Question

The quadratic equation whose roots are 

\(l = \lim_{\theta\to0} \frac{3sin\theta - 4sin^3\theta}{\theta}\)

m = \(\lim_{\theta\to0} \frac{2tan\theta}{\theta(1-tan^2\theta)}\) is

• A. x² - 5x + 6 = 0
• B. x² - 5x + 5 = 0
• C. x² - 5x - 6 = 0
• D. x² + 5x - 6 = 0

Answer 1

The Correct Option is A

To determine the quadratic equation given the problem, we must first find the roots of the quadratic equation, i.e., \(l\) and \(m\).

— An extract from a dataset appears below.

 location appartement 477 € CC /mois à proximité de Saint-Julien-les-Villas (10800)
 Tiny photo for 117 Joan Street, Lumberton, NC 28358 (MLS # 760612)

These are derived using the provided limits:

1. First, calculate \(l = \lim_{\theta \to 0} \frac{3\sin \theta - 4\sin^3 \theta}{\theta}\).

   Using the limit property \(\lim_{\theta \to 0} \frac{\sin \theta}{\theta} = 1\), we can express the limit as follows:

   \(l = \lim_{\theta \to 0} \frac{\sin \theta (3 - 4\sin^2 \theta)}{\theta}\)

   This simplifies to:

   \(l = \lim_{\theta \to 0} \left(\frac{\sin \theta}{\theta} \cdot (3 - 4\sin^2 \theta)\right)\)

   Applying the limit, we have:

   \(l = 1 \cdot (3 - 4 \cdot 0^2) = 3\)

2. Next, calculate \(m = \lim_{\theta \to 0} \frac{2\tan \theta}{\theta(1 - \tan^2 \theta)}\).

   Given that \(\lim_{\theta \to 0} \frac{\tan \theta}{\theta} = 1\):

   \(m = \lim_{\theta \to 0} \frac{\tan \theta (2)}{\theta(1 - \tan^2 \theta)} = \lim_{\theta \to 0} \frac{2 \tan \theta}{\theta} \cdot \frac{1}{1 - \tan^2 \theta}\)

   Simplifying using limits:

   \(m = 2 \cdot 1 \cdot \frac{1}{1 - 0^2} = 2\)

Hence, the roots of the quadratic equation are \(l = 3\) and \(m = 2\).

Since the roots of a quadratic equation \(ax^2 + bx + c = 0\) are known to relate as follows:

• Sum of roots \(l + m = -\frac{b}{a}\)
• Product of roots \(l \cdot m = \frac{c}{a}\)

For \(l = 3\) and \(m = 2\),

• Sum of roots: \(3 + 2 = 5\)
• Product of roots: \(3 \cdot 2 = 6\)

Thus, the quadratic equation is:

x^2 - 5x + 6 = 0

Hence, the correct option is x² - 5x + 6 = 0.